Monday, January 9, 2017
Short Fiction Month: Aye, and Gomorrah . . . - Samuel R. Delany
Some time in the future a group of astronauts - or spacers as they are referred to in the story - is living a kind of life most people can only look at in awe. They travel the solar system to work on the grandest projects. It comes at a price however. They receive such a large dose of radiation in space, that rather than to try and shield them from it, their bodies have been adapted. It isolates them from the rest of humanity in ways that are not always easy to deal with.
This story is about human sexuality. A topic close to Delany's heart. Delany is gay and was, at the time this story was written, in the middle of a complicated marriage with the poet Marilyn Hacker. The sexual revolution may have been washing over the US at that moment, it can't have been an easy life. Although the main character's position is different, some of Delany's personal experience as someone not conforming to the sexual norm must have made their way into the story. The main character is a Spacer and asexual. He, that is how he started out, never went through puberty, has an androgynous appearance and no sexual desires. That doesn't stop other people from wanting him though.

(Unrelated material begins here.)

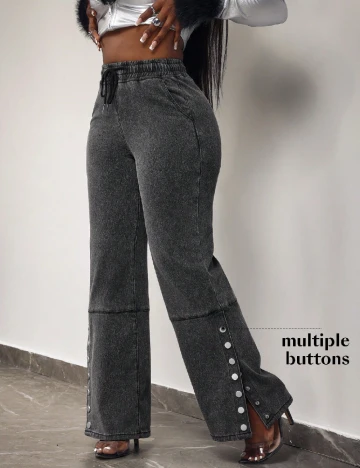 Pantaloni SHEIN, gri Gri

What the story also does is explore human sexual preferences that do not fit in the norm of sex within matrimony for reproductive purposes, or even more widely accepted ideas of romantic love. Sex and desire are described as urges that will not be denied, even if it makes the person experiencing them unhappy. What the situation the main character ends up in implies, there is no actual explicit scene in the story, is sex as one way traffic. The motivations of the various characters to go along with it will make a lot of readers uncomfortable fifty years after the story was published. Which should give you an idea of how 'dangerous' this story really was.
The way Delany uses loneliness, the desire for companionship and sexual fetishes in this story make it groundbreaking. It is one of those stories you really should read to understand the development of the genre. If Ellison was looking for controversy, then that is exactly what he got with this story. I'm not surprised at all he made it the parting shot of the anthology. It is, there is no other way to put it, a brilliant piece of work.
Title: Aye, and Gomorrah . . .
Author: Samuel R. Delany
Originally published: Dangerous Visions, edited by Harlan Ellison (1967)
Read in: Dangerous Visions, Gollancz SF Masterworks edition (2011)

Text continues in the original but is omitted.